━━ MATERIAL TO PROCESS ━━
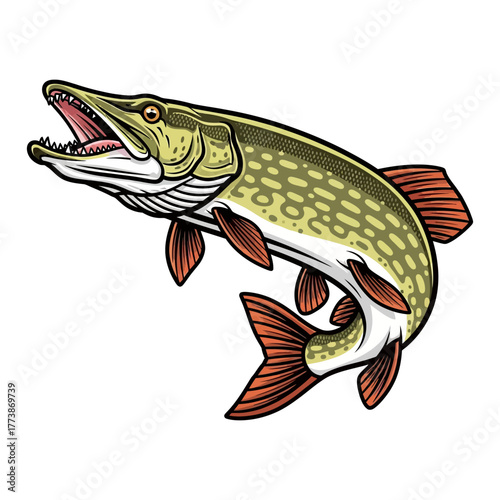 pike fishing illustration logo vector image t shirt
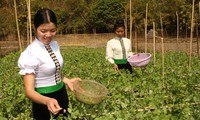 Ликвидация голода и бедности – основные достижения Вьетнама в области прав человека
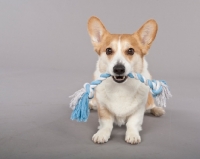 Picture of Corgi with rope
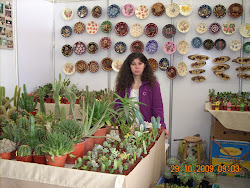 Expo primavera año 2009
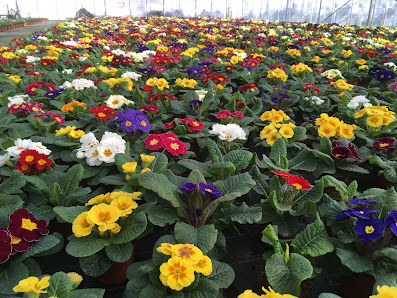 Blumenhaus Präkelt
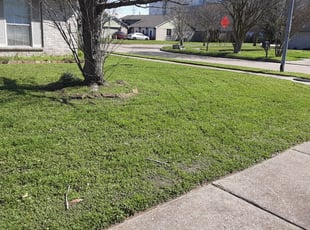 1 Castle Rock Co Lawn Care Service Lawn Mowing From 19 Best 2020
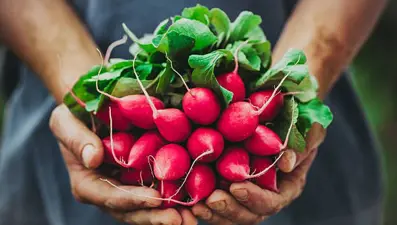 Turpun faydaları nelerdir? Turp neye iyi gelir?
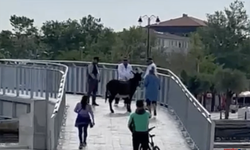 Kulağını tutun kulağını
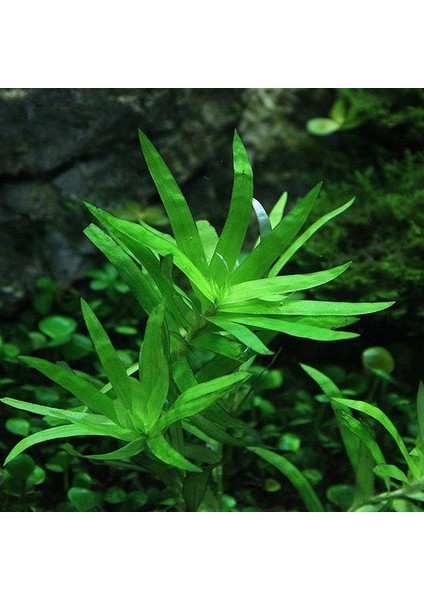 Heteranthera Zosterifolia In Vitro Canlı Bitki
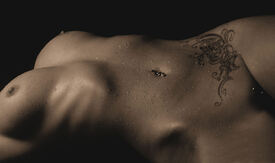 The Body/9552332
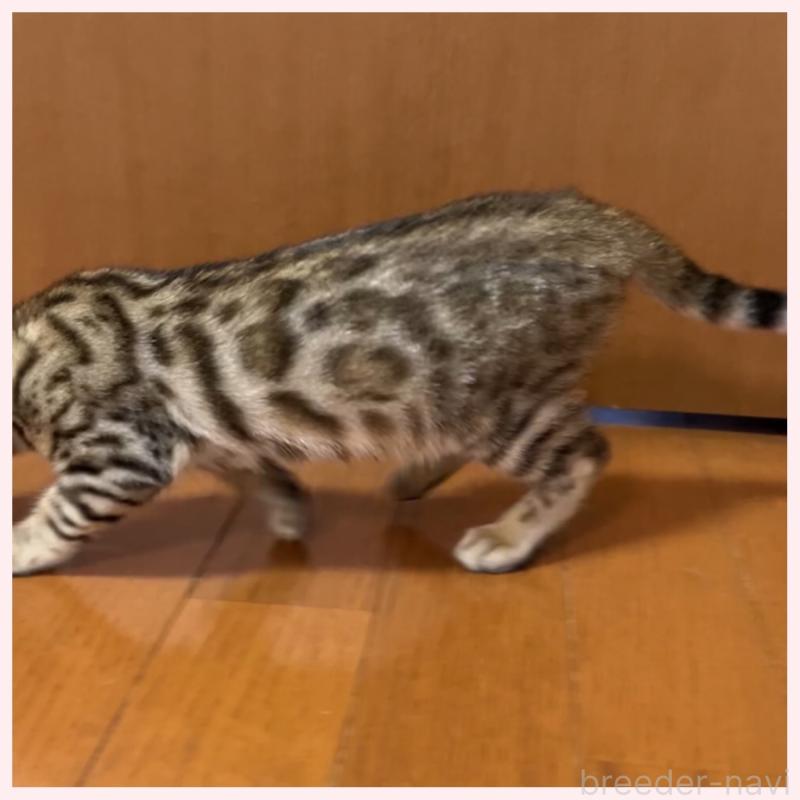 商談中の群馬県のベンガル-124774の3枚目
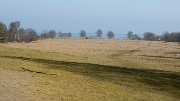 20160311-011-Copenhaguen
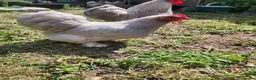 Chickens poultry for sale: Lavender Pekin chicks for sale in Whitstable - Advert 5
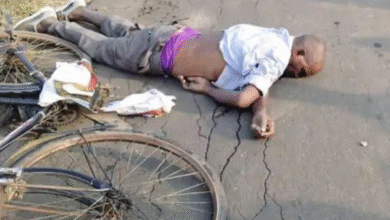 Screenshot 20251019 125900.WhatsApp 1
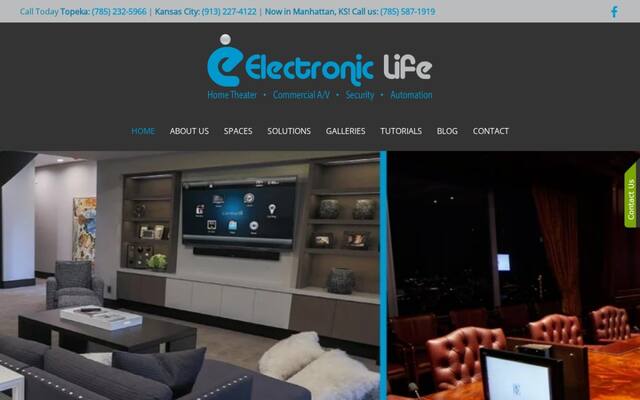 Electronic Life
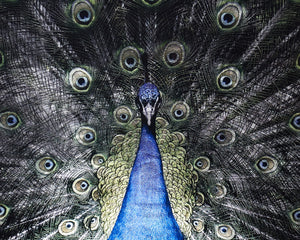 Brilliant Plumage - 72" X 48" - Charcoal Frame
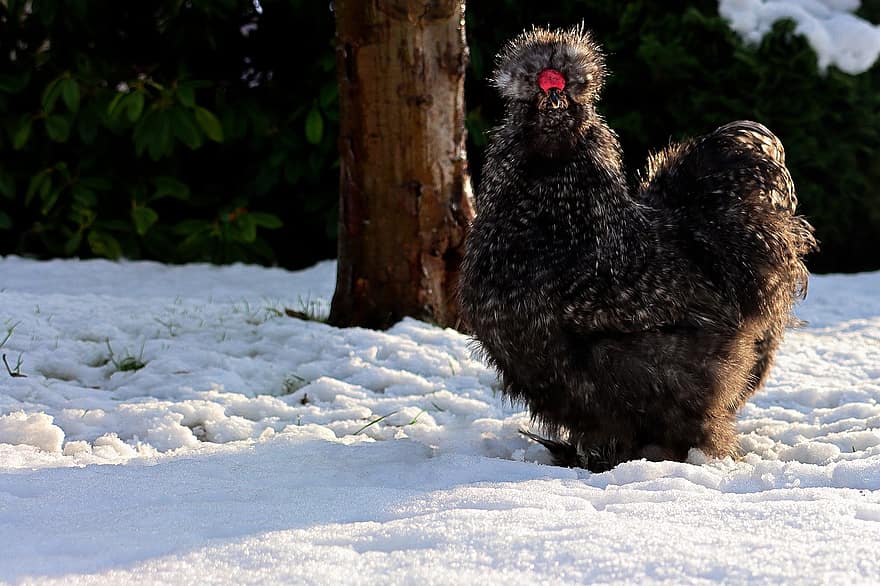 Silkie, пиле, сняг, кокошка, птица, животно, вътрешен, пилешка порода, пера, перушина, клюн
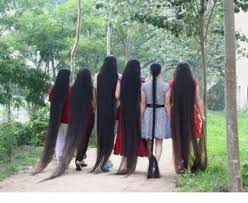 In a study on mice, the animals were split into four groups based on the topical solution applied: Long Hair Fast Growth Herbal Hair Oil Helps Your Hair To Lengthen Grow Longer Free Shipping Herbal Hair Oil Herbal Hair Growthgrowth Hair Aliexpress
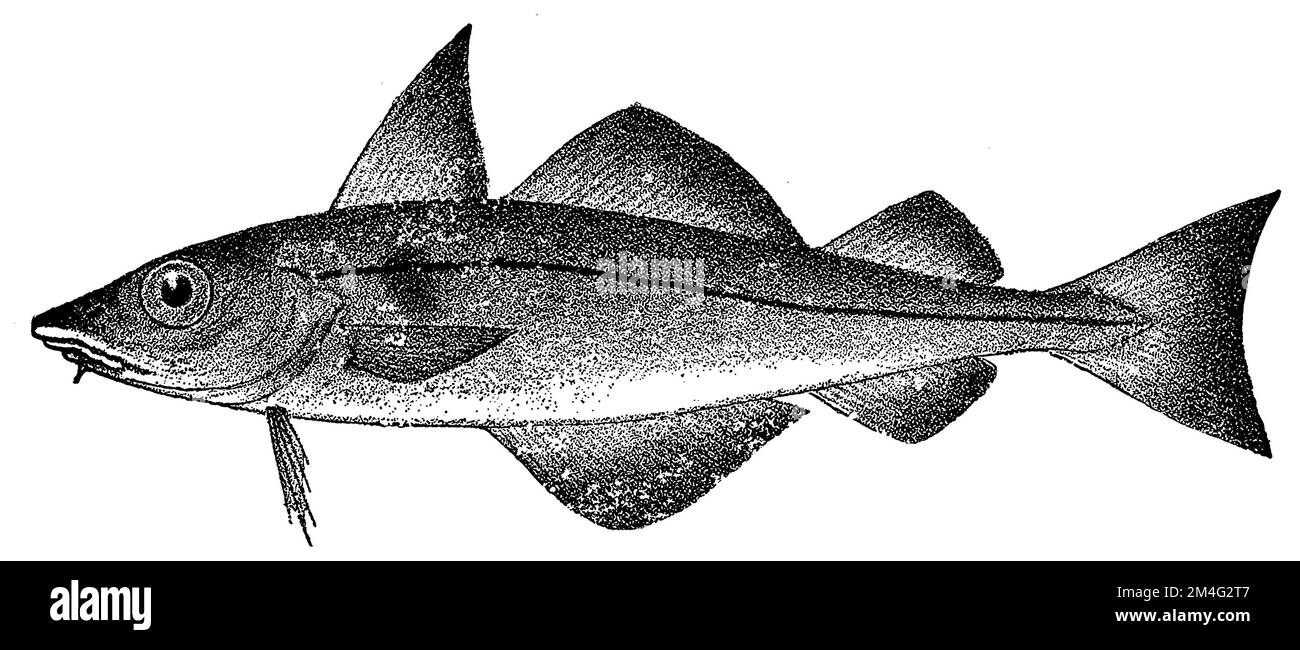 haddock, Melanogrammus aeglefinus, (agricultural book, 1927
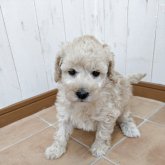 ミディアムプードル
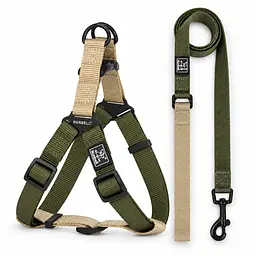Шлея для собак Nunbell Y-Shape з повідцем, регульована та світловідбивна L, Зелений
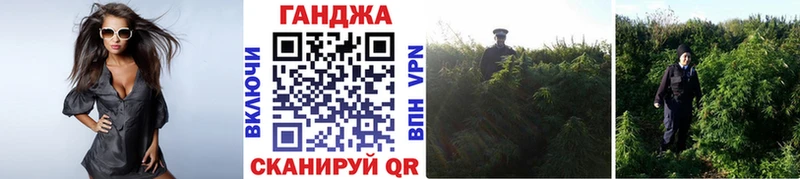 Конопля THC 21%  Вичуга 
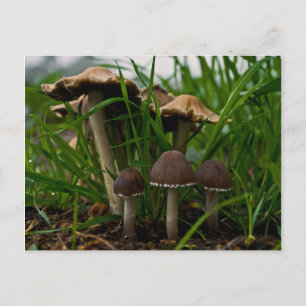 Drei Pilze 3 Postkarte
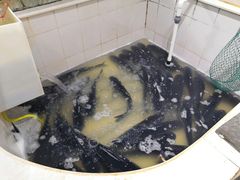 -魏铭鱼头捞饭(晋阳路店)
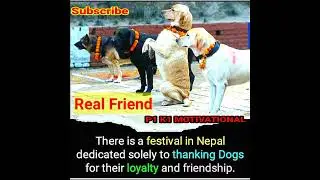 Respect For Dogs || #shorts #dogtraining #p1k1motivational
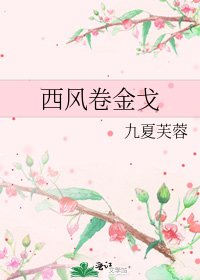 西风卷金戈
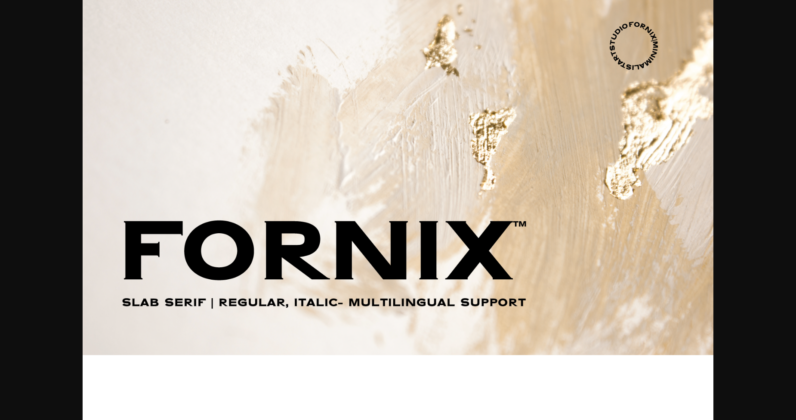 Fornix Poster 3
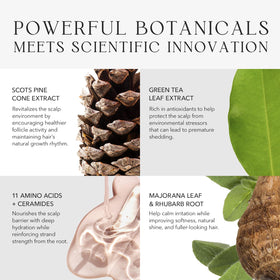 Kiwabi Root Beaute Regrowth Serum close-up label highlighting fragrance-free formula for sensitive scalps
━━━
The lines to set down run from the line with "Turpun faydaları nelerdir?" up to and including the line with "Шлея для собак" in the entries above. Reproduce them exactly, with no pictures.

## REPLY
 Turpun faydaları nelerdir? Turp neye iyi gelir?
 Kulağını tutun kulağını
 Heteranthera Zosterifolia In Vitro Canlı Bitki
 The Body/9552332
 商談中の群馬県のベンガル-124774の3枚目
 20160311-011-Copenhaguen
 Chickens poultry for sale: Lavender Pekin chicks for sale in Whitstable - Advert 5
 Screenshot 20251019 125900.WhatsApp 1
 Electronic Life
 Brilliant Plumage - 72" X 48" - Charcoal Frame
 Silkie, пиле, сняг, кокошка, птица, животно, вътрешен, пилешка порода, пера, перушина, клюн
 In a study on mice, the animals were split into four groups based on the topical solution applied: Long Hair Fast Growth Herbal Hair Oil Helps Your Hair To Lengthen Grow Longer Free Shipping Herbal Hair Oil Herbal Hair Growthgrowth Hair Aliexpress
 haddock, Melanogrammus aeglefinus, (agricultural book, 1927
 ミディアムプードル
Шлея для собак Nunbell Y-Shape з повідцем, регульована та світловідбивна L, Зелений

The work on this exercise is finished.